Its magic pure and its mysteries primordial, Lars Mytting’s novel The Bell in the Lake is a tour de force set in the untamed wilds of Norway.
Fresh out of seminary, Kai Schweigaard receives an assignment to head a remote church in Butangen—the first humble step toward what’s projected to be a celebrated career.
Opposite Kai is Astrid Hekne, who’s regarded as “mulish and impossible to discipline” after refusing two village men. Her established family contributed bits and pieces to the aging stave church that Kai hopes to replace with a contemporary building: a mystical tapestry that’s since gone missing; twin bells to memorialize two of its daughters, whose chimes are rumored to have prophetic powers.

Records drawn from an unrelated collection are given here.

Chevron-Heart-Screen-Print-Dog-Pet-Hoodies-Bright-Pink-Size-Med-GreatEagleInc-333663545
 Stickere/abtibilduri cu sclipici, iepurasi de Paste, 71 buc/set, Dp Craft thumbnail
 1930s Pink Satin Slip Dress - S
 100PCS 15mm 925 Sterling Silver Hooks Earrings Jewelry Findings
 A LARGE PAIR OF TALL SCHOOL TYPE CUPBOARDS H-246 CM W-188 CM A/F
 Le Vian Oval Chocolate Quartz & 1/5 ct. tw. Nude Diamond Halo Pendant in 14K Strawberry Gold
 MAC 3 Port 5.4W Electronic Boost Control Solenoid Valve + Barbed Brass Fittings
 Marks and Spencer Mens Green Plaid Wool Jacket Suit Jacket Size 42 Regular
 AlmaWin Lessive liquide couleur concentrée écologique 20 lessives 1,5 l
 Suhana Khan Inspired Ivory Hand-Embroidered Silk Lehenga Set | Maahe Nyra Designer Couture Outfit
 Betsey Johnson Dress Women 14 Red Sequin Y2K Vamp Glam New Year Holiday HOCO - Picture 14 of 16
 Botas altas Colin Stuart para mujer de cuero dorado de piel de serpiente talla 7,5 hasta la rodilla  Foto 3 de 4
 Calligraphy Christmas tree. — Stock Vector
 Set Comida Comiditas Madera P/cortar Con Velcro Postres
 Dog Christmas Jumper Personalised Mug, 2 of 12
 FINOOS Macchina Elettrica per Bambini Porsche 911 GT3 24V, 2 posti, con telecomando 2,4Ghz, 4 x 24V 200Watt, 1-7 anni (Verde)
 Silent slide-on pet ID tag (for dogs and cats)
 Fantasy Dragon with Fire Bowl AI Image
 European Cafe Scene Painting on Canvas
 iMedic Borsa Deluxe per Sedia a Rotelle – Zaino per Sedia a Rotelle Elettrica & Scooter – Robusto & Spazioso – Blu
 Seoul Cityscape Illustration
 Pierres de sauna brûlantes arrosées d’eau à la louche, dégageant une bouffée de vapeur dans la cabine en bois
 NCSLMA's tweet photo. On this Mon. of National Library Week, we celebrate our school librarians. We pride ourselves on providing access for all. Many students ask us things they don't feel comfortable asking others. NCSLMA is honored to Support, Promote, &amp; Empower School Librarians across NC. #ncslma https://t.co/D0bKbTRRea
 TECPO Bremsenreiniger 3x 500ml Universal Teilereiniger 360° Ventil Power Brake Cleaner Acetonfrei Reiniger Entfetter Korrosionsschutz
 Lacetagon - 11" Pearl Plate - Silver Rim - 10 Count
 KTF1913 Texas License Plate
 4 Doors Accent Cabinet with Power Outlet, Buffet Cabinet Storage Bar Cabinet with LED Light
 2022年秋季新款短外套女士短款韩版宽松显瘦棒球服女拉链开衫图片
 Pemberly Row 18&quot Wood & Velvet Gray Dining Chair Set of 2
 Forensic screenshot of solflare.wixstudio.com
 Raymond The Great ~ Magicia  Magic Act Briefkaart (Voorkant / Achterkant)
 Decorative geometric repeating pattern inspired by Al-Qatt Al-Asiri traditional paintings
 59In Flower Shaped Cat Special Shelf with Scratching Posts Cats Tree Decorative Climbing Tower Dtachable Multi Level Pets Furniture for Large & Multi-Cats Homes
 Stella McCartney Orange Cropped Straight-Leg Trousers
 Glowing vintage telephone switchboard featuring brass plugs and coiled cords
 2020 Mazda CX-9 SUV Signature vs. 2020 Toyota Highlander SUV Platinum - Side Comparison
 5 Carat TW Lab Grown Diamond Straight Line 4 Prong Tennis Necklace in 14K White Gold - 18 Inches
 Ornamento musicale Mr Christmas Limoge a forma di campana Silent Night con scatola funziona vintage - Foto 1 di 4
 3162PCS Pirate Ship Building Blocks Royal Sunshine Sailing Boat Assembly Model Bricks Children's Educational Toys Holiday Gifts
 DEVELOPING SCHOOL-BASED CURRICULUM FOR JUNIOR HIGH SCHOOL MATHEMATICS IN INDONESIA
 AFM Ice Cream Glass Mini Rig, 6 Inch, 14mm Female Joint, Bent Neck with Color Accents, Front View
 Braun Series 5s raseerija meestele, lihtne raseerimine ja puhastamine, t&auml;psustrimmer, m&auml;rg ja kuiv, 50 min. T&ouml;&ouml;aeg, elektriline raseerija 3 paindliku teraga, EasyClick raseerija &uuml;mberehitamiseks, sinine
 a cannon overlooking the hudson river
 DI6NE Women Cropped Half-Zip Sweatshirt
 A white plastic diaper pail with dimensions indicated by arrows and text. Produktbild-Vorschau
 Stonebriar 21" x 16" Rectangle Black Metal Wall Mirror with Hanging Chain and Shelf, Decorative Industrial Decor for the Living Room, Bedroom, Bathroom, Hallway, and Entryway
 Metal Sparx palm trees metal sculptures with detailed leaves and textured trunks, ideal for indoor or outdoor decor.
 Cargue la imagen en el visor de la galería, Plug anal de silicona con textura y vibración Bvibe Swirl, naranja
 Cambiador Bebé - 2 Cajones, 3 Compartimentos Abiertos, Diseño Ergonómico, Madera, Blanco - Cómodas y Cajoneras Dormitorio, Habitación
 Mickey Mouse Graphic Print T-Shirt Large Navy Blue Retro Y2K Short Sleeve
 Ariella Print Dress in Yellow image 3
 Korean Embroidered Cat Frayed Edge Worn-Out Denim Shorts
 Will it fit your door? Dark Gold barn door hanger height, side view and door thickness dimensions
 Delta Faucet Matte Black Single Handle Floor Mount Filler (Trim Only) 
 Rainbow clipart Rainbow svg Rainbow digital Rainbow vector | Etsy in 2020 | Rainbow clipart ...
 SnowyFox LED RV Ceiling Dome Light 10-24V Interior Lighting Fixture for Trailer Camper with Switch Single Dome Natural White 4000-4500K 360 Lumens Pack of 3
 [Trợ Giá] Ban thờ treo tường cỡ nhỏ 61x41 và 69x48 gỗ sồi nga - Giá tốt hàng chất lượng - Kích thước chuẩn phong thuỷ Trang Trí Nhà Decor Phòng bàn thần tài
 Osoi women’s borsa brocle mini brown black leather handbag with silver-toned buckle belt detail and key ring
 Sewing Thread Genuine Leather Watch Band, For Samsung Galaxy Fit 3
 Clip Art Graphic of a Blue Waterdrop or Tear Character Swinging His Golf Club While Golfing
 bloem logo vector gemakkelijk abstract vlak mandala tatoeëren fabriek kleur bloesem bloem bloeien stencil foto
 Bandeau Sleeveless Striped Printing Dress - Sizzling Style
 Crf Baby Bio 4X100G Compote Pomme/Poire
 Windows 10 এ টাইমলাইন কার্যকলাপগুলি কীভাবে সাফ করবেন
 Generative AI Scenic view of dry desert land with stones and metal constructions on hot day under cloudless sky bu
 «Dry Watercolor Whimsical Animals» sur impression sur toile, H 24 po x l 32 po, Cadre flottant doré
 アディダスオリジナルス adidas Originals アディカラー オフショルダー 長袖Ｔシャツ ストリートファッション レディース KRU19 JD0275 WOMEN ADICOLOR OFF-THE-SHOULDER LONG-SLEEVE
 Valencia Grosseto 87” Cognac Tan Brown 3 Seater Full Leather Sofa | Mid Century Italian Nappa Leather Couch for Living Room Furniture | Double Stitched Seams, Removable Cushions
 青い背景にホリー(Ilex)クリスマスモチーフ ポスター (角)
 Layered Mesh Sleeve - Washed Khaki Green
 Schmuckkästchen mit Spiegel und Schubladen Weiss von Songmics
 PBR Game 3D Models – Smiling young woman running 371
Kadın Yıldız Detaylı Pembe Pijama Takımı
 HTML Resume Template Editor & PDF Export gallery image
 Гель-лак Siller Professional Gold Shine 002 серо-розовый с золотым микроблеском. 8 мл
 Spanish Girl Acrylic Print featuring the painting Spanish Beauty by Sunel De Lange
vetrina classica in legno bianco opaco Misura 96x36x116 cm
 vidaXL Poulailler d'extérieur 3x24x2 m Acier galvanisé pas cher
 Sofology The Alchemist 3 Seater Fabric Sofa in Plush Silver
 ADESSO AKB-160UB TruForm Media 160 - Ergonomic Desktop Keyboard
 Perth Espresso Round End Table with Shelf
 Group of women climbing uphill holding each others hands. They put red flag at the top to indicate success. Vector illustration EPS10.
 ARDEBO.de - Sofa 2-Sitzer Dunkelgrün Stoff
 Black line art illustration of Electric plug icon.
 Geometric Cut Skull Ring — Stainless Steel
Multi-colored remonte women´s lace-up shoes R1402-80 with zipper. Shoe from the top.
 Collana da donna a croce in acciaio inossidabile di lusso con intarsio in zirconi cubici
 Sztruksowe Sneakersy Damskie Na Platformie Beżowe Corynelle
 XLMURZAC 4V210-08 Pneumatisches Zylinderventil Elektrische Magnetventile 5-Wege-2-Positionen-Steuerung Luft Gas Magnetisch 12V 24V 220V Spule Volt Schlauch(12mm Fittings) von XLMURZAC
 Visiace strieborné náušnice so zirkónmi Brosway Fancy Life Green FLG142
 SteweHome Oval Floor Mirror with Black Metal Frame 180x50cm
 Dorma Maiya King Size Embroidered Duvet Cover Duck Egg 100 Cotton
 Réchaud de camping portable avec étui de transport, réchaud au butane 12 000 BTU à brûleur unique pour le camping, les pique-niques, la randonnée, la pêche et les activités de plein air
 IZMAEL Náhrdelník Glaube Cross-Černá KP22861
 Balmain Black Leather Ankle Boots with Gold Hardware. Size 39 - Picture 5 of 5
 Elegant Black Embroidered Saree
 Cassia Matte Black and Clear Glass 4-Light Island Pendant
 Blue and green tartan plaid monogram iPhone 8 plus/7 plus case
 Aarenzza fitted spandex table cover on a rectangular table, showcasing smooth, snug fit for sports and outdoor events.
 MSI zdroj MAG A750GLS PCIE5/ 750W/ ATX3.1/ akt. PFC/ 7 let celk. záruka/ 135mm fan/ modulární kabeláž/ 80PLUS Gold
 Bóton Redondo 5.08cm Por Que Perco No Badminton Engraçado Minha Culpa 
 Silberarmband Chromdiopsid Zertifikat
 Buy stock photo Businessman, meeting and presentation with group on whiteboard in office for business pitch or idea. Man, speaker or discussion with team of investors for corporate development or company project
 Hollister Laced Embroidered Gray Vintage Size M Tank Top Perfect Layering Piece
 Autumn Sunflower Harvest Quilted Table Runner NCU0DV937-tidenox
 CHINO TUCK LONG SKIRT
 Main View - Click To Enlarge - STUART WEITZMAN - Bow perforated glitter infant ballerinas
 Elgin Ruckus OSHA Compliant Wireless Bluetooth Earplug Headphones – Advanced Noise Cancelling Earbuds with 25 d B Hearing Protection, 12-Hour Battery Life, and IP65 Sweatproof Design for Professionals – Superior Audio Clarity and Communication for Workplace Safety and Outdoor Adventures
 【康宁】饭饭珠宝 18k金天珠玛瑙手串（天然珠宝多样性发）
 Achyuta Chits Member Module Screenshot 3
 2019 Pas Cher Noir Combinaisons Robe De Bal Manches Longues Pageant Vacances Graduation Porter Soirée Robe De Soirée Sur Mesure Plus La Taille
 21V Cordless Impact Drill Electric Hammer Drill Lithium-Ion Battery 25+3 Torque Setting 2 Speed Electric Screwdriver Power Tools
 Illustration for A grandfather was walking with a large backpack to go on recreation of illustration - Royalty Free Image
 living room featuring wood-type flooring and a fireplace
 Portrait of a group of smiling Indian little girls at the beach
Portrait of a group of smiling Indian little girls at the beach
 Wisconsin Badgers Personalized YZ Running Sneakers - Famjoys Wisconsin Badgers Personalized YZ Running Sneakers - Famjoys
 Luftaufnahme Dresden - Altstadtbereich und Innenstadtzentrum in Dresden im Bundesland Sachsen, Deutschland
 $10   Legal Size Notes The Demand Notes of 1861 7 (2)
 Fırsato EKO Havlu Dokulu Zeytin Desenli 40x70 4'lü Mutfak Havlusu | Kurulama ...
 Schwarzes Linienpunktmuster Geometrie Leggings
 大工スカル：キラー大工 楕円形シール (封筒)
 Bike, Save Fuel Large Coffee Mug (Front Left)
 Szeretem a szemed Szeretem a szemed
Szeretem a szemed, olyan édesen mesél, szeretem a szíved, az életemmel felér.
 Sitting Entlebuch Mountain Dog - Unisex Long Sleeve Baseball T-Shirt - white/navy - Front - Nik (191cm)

Astrid argues with and challenges Kai, winning his admiration. She longs for the world that’s represented by the newspapers that Kai shares with her, where the light of gas lamps reaches inward to illuminate minds.
When a German architect comes to the village to prepare the church for its deconstruction, he complicates Astrid and Kai’s delicate balance. Gerhard’s eye for wild beauty opens him to Astrid’s graces, but the love that they ignite spurs Kai toward a vindictive act that’s destined to reverberate through Butangen’s generations.
Weaving beauty with brutality, and theological orthodoxy with gorgeous heterodoxy, the novel stakes its place where the modern and ancient worlds converge. Descriptions of the stave church’s mythological, pre-Christian carvings ignite the imagination, while the austere realities of life in a rustic village, where the women give “birth without fuss and return … to the milking shed with the afterbirth still steaming behind them,” are relayed with sobering matter-of-factness.
Both heartbreaking and awe-inspiring, The Bell in the Lake is an unforgettable novel that celebrates untamed faith.